In September 2016, Oudar became the first female president and CEO of the newly formed CNESST, Quebec’s unified agency for labour standards, pay equity, and workplace health and safety. She led the organisation for eight years until the end of 2023. In August 2024, she was appointed to the Board of Governors at Polytechnique Montréal, contributing to the governance of one of Quebec’s leading engineering institutions., overseeing initiatives such as the creation of a single-entry service portal and the implementation of workplace reforms. During her tenure, the CNESST was awarded the United Nations Public Service Award in 2022 for its efforts in advancing gender equality and pay equity. Oudar stepped down from the CNESST upon her appointment to the Senate in early 2024.

== Senate of Canada ==
Following an open application process, an independent advisory board recommended Oudar for appointment to the Senate in late 2023. On 13 February 2024, Prime Minister Trudeau announced that Oudar would be appointed to the Senate to represent Quebec. She officially took her seat as an independent senator on 27 February 2024, after a swearing-in ceremony at the Senate chamber. Oudar initially sat as a non-affiliated senator upon her appointment in February 2024 but joined the Independent Senators Group on 1 May 2024. In 2024, she was named to the Senate Standing Committee on Agriculture and Forestry, as well as the Standing Committee on Energy, the Environment and Natural Resources.

== Political views ==
Throughout her career, Oudar has often been involved in initiatives related to social and workplace issues. She has been an invited speaker on topics including gender equality, pay equity, reducing social inequalities, and combating violence against women. In her role at the CNESST, she also promoted occupational health and safety and the inclusion of young workers in safe work environments.

== Honours and recognition ==
Oudar has received numerous awards and honours in recognition of her leadership. In 2017 she received the Leadership Award from the Association des femmes en finances du Québec (Women in Finance Association of Quebec). She was also named one of Canada’s 100 most influential women by the Women’s Executive Network (WXN). That same year, she was named one of Canada’s 100 most influential women by the Women’s Executive Network (WXN). In 2023, Oudar was honoured with the “Femmes de mérite” award from the Women’s Y Foundation of Montreal.
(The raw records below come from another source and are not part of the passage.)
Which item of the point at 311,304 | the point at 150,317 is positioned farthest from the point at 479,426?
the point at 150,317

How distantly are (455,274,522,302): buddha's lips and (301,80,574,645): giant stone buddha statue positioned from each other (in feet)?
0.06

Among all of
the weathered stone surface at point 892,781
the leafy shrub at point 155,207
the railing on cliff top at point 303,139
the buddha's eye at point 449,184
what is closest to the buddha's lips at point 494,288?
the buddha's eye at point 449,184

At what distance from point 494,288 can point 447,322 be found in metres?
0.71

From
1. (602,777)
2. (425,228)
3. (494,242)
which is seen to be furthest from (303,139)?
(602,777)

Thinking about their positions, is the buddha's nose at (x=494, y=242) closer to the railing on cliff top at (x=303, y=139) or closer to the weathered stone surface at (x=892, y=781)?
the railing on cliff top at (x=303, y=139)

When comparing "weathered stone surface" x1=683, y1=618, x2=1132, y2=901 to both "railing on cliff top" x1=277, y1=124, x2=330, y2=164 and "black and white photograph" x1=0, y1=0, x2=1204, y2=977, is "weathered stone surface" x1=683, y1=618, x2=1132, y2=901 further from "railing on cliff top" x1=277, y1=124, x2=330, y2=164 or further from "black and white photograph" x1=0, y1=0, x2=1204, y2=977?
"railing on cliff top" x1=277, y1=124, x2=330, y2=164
She also received the 2023 Dirigeant de l’année (Leader of the Year) award from the Ordre des conseillers en ressources humaines agréés (Quebec HR Professionals Order) for her exemplary public service as head of the CNESST. Additionally, the Institut d’administration publique de Québec presented her with an Award of Excellence for public administration for the successful creation of the CNESST.